Hearing him talk that way, as if the phone people were organic computers in some kind of upload cycle, never failed to give Clay a chill.
"They don't do rifles, either, Jordan," Tom said. "They don't need them."
"So now they've got a few collaborators taking care of them while they get their beauty rest," Alice said. There was brittle contempt on top of her voice, tears just beneath. "I hope they rot in hell."
Clay said nothing, but he found himself thinking of the people they had met earlier that night, the ones with the shopping carts—the fear and loathing in the voice of the man who had called them the Gaiten bunch. He might as well have called us the Dillinger gang, Clay thought. And then he thought, I don't think of them as the phone-crazies anymore; now I think of them as the phone-people. Why is that? The thought that followed was even more uncomfortable: When does a collaborator stop being a collaborator? The answer, it seemed to him, was when the collaborators became the clear majority. Then the ones who weren't collaborators became . . .
Well, if you were a romantic, you called those people "the underground." If you weren't a romantic, you called them fugitives.
Or maybe just criminals.
They pushed on to the village of Hayes Station and stayed the night at a tumbledown motel called Whispering Pines. It was within sight of a sign reading ROUTE 19, 7 MI SANFORD THE BERWICKS KENT POND.they didn't leave their shoes outside the doors of the units they chose.

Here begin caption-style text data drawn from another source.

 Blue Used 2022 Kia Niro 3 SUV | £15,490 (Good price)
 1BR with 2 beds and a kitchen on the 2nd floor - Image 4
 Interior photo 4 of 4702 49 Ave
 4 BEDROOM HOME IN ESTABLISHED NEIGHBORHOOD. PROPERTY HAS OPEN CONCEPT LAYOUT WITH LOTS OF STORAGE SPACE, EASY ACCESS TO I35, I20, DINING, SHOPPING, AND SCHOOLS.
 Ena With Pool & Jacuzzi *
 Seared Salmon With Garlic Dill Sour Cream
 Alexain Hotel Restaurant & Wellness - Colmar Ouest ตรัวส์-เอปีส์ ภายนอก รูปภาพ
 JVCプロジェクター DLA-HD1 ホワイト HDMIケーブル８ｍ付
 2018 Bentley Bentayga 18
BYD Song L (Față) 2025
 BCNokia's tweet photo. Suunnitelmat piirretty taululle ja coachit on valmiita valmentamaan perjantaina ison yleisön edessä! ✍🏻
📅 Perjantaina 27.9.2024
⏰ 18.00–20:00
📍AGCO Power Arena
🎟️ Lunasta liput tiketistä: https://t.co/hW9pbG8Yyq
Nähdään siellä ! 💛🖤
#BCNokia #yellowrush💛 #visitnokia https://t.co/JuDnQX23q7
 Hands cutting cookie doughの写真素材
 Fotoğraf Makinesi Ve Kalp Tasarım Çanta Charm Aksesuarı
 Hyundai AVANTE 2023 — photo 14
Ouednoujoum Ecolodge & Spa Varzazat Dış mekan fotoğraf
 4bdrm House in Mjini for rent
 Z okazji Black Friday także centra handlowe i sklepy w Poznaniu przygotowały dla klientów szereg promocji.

There no longer seemed any need of that.
8
He was standing on a platform in the middle of that damned field again, somehow immobilized, the object of every eye. On the horizon was the skeletal shape with the blinking red light on top. The place was bigger than Foxboro. His friends were lined up with him, but now they weren't alone. Similar platforms ran the length of the open area. On Tom's left stood a pregnant woman in a Harley-Davidson T-shirt with cutoff sleeves. On Clay's right was an elderly gent—not in the Head's league, but getting there—with graying hair pulled back in a ponytail and a frightened frown on his horsey, intelligent face. Beyond him was a younger man wearing a battered Miami Dolphins cap.
Clay saw people that he knew among the thousands and wasn't surprised—wasn't that how things always went in dreams? One minute you were phone-booth-cramming with your first-grade teacher; a minute later you were making out with all three members of Destiny's Child on the observation deck of the Empire State Building.
Destiny's Child wasn't in this dream, but Clay saw the naked young man who had been jabbing the car aerials (now dressed in chinos and a clean white T-shirt), and the guy with the packsack who had called Alice little ma'am, and the limping grandmotherly type. She pointed to Clay and his friends, who were more or less on the fifty-yard line, then spoke to the woman next to her . . . who was, Clay observed without surprise, Mr. Scottoni's pregnant daughter-in-law. That's the Gaiten bunch, the limping grandmotherly type said, and Mr. Scottoni's pregnant daughter-in-law lifted her full upper lip in a sneer.
Help me! called the woman on the platform next to Tom's. It was Mr. Scottoni's daughter-in-law she was calling to. I want to have my baby the same as you! Help me!
You should have thought of that while there was still time, Mr. Scottoni's daughter-in-law replied, and Clay realized, as he had in the other dream, that no one was actually talking. This was telepathy.
The Raggedy Man began making his way up the line, putting a hand over the head of each person he came to. He did this as Tom had over the Head's grave: palm extended, fingers curled in. Clay could see some sort of ID bracelet flashing on the Raggedy Man's wrist, maybe one of those medical-alert things, and realized there was power here—the light-towers were blazing. He saw something else, as well. The reason the Raggedy Man could reach above their heads even though they were standing on platforms was because the Raggedy Man wasn't on the ground. He was walking, but on four feet of thin air.